I strongly recommend you try one of Bill Bryson’s – so long as it’s read by him. I tried Notes from a Small Island read by another American, who clearly knew nothing about Britain. His pronunciation was excruciating. When he spoke about the See-vern Bridge, I winced, but when he referred to the duo,Morrycumby and Wise. I had to dump it. I’ve since listened to it read by the author himself, and it was fabulous.
It doesn’t always follow that books are best read by their authors. I listened to one by Edna O’Brien who had a rather breathy and precious style of speaking. She also used the word brutalness…and I thought, doesn’t she mean brutality? Exactly. I couldn’t find it in the dictionary, either.
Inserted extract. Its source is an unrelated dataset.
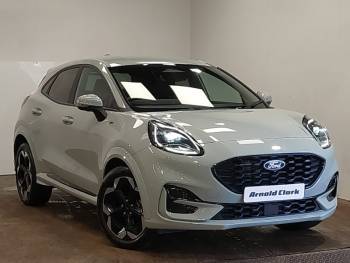 2025 (25) Ford Puma 1.0 EcoBoost Hybrid mHEV 155 ST-Line X DCT 5dr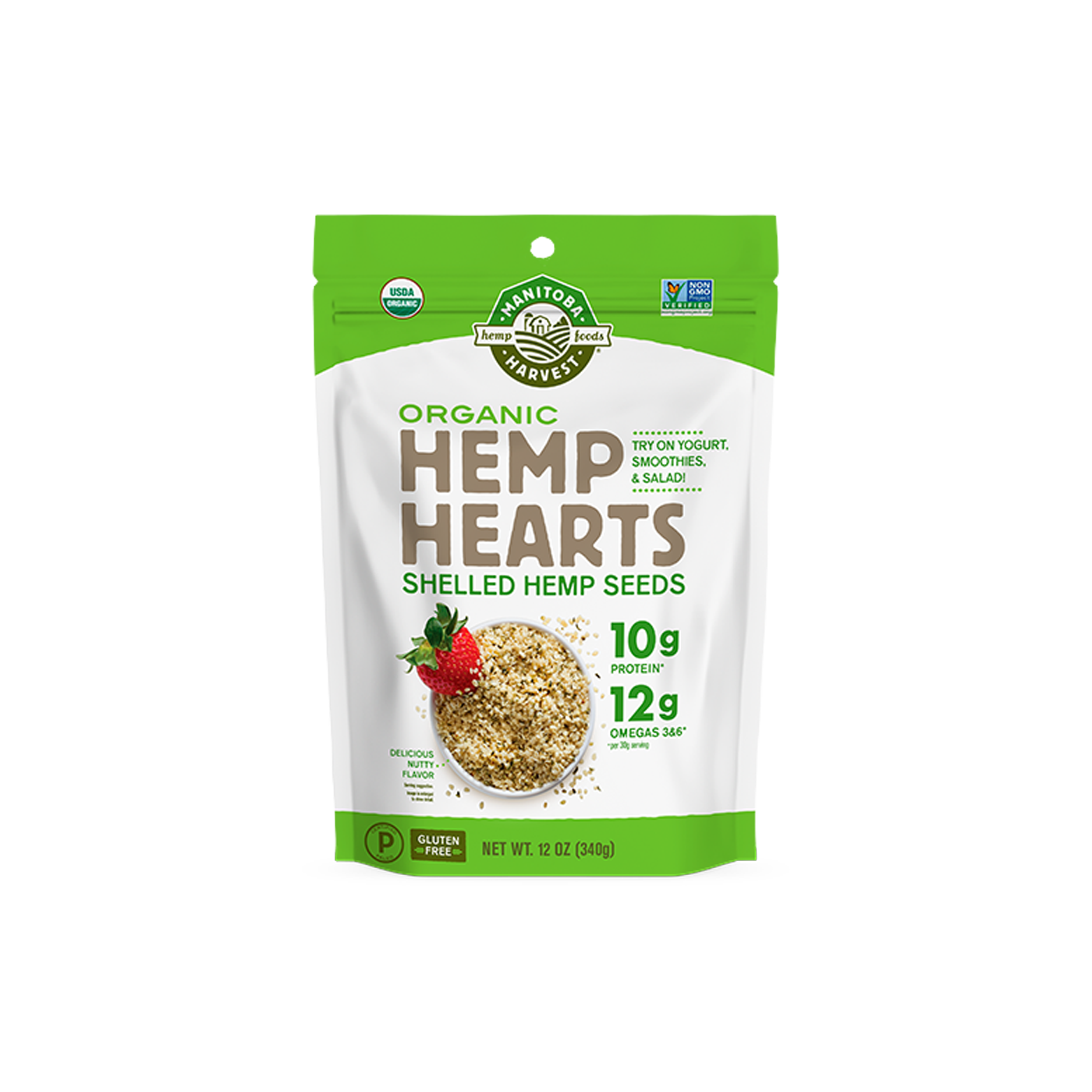 Manitoba Harvest Organic Hemp Hearts - JoyVIVA -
Most recently, I listened to Popcorn written by Ben Elton and superbly read by John Sessions. The book was full of brutalness but very funny. Sessions’ delivery was so exceptional, I felt like I was watching a film. Hats off to Elton and Sessions.
The downside of talking books is, if you listen to them at bedtime and nod off, you lose your place. With a physical book or a kindle, at the very worst, you wake to a page you may have dribbled on, but at least you know where you’re up to. If you nod off listening to a talking book, and you’re a bit of a gambler, you can enjoy the uncertain lottery of rewinding and forwarding to your next starting point.
But in the car, beware. It’s very easy to miss a motorway exit or two. As I learnt to my cost when I once found myself heading into Wales. Over the See-vern Bridge, naturally.